Now although this is probably not the right place to put it i couldn't think of anywhere else.

i found, during my frequent quests across the vast resource known as the internet, an awesome model from ccg armoury that i think would be an awesome stand in for a bloodthirster, the big thing about it is it's resin! and cheaper! and in my opinion looks better! another bonus is he has two axe looking things and his wings are all torn up (skarbrand anyone?) just though i would share here's the link, hope ya enjoy.
http://usacomicbooks.stores.yahoo.net/ragrdew.html


----------



## Concrete Hero (Jun 9, 2008)

He is certainly a nice one... Probably wouldn't be able to run him in a tournament though 

I'd love to see him in a game though!


----------



## Winterous (Mar 30, 2009)

Concrete Hero said:


> He is certainly a nice one... Probably wouldn't be able to run him in a tournament though
> 
> I'd love to see him in a game though!


Why not?

I personally don't like it, but it certainly works for the part.


----------



## Talos (Aug 4, 2008)

You cant use non GW models in GW tournys not sure about the non GW tournys.


----------



## Winterous (Mar 30, 2009)

Talos said:


> You cant use non GW models in GW tournys not sure about the non GW tournys.


Aah, of course.
What about sculpted models?
You could always say it's based upon something.

Anyway, I think most non-GW ones wouldn't care too much about who made the models, as long as it's obvious what it is.


----------



## Deneris (Jul 23, 2008)

As for sculpted/created models, I believe GW allows them along as a majority of their parts came from a GW model/kit...


----------



## Khorothis (May 12, 2009)

The wings would make it very hard to put the model in tight places, like between buildings, trees, etc.
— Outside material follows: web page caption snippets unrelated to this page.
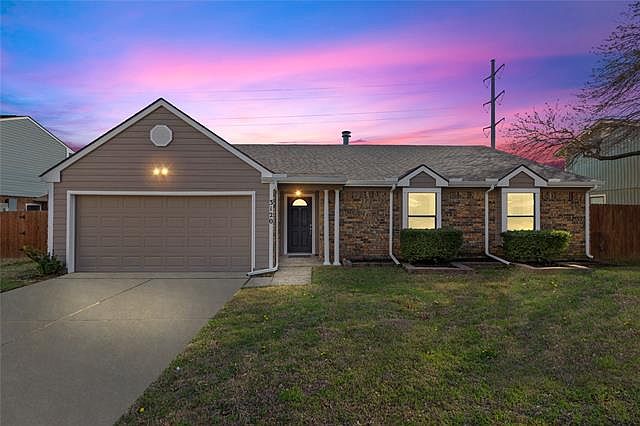 1st image of 3120 Manchester Cir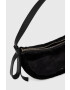 Kate Spade Чанта - Pepit.bg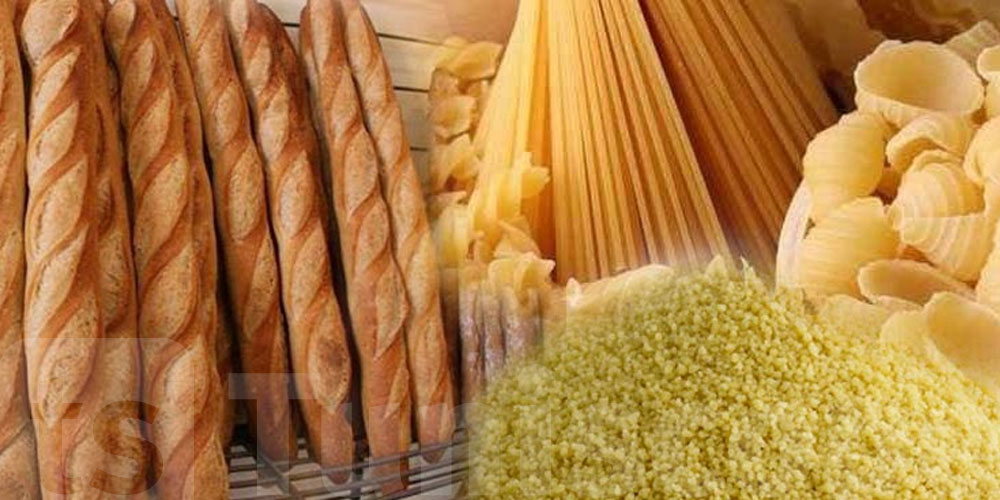 صادم: الخبز والمقرونة البايتة أفضل لصحتك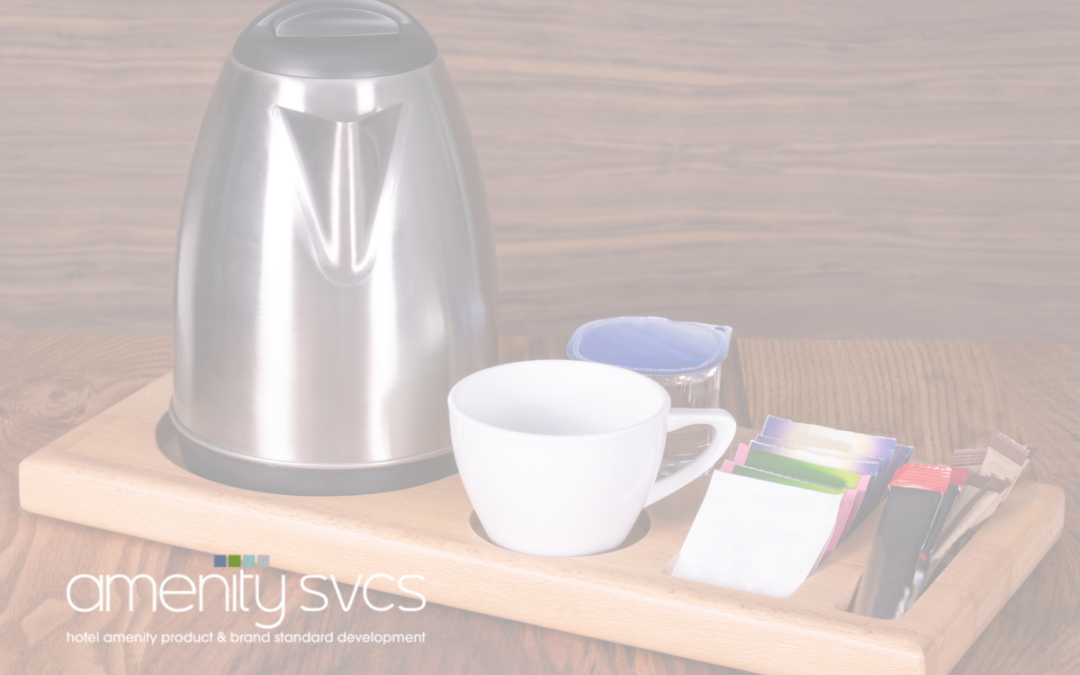 Protected: EcoVadis Platinum for Hospitality Business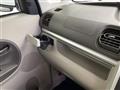 2014 Daihatsu Tanto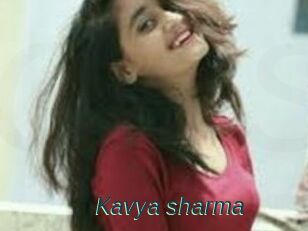 Kavya_sharma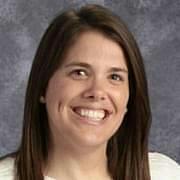 Mrs. Rice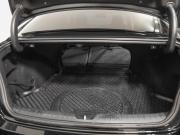Kia Optima IV Санкт-Петербург  - изображение 68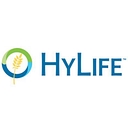 HyLife logo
It'd be great for Apocalypse I think because you have a clean battlefield there, but otherwise... doubt it. Also add the problems already mentioned.


----------



## neoplasma (Jun 27, 2009)

it looks good but its got to many arms although lots of people make custom greater demons it just needs more marks of khorne and maybe alittle amputations then it should be great.


----------



## Epic Fail (Jun 23, 2008)

I like this bad boy:

http://www.coolminiornot.com/store/product.php?xProd=3598


----------